General and Administrative Expense:  Resolute’s general and administrative expenses increased 26 percent to $9.5 million during the second quarter of 2017, as compared to $7.5 million during the same period in 2016.  The $2.0 million increase primarily resulted from increases in share based compensation due to a shift from granting principally cash-based incentive awards in 2016 and 2015 to equity-based long-term incentive awards in 2017.  On a unit-of-production basis, general and administrative expenses decreased 39 percent.  Cash-based general and administrative expense for the second quarter of 2017 was $6.5 million, or $2.95 per Boe, compared to $6.2 million, or $5.74 per Boe, in the comparable 2016 period.  Share-based compensation expense, a non-cash item, represented $3.0 million for the second quarter of 2017 and $1.3 million for the second quarter of 2016. 

For the first six months of 2017, general and administrative expenses increased to $19.9 million, as compared to $16.5 million during 2016.  The $3.4 million, or 21 percent, increase primarily resulted from the reason noted above as well as a restoration of short-term incentive compensation awards, which had been reduced during 2016 in response to lower commodity prices, offset by an increase in the portion of general and administrative expenses capitalized.  Cash-based general and administrative expense for the first half of 2017 was $14.1 million, or $3.54 per Boe, compared to $13.0 million, or $6.82 per Boe in the comparable 2016 period.  Share-based compensation expense represented $5.8 million for the first six months of 2017 and $3.5 million for the first six months of 2016.
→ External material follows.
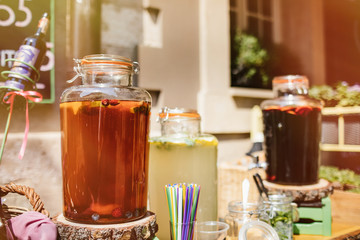 Top view of summer dinks, fruit cocktails on white wood table wi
Cash-settled Incentive Awards:  We recorded a credit of $1.4 million during the second quarter of 2017 for cash-settled incentive award expenses as compared to expense of $1.4 million in the second quarter of 2016.  The decrease is attributable to a decrease in the fair value of cash-settled stock appreciation rights under the long-term incentive program, which are required to be remeasured at each period end.  Due to a decrease in the price of Resolute common stock during the second quarter of 2017, the remeasurement of the fair value of the awards yielded a lower fair value than at March 31, 2017. As a result, a credit was recorded during the second quarter of 2017.  Actual cash payments for the current quarter were $7.7 million. 

For the six months ended June 30, 2017, cash-settled incentive award expenses increased to $4.0 million as compared to $2.2 million for the six months ended June 30, 2016.  The 2017 increase in expense is a result of the grant of time- and performance-based restricted stock awards, the achievement of multiple performance targets under the performance-based restricted cash awards as well as cash-settled stock appreciation rights under the long-term incentive program that are based on the Company’s common stock price.  Actual cash payments during the 2017 period were $11.3 million.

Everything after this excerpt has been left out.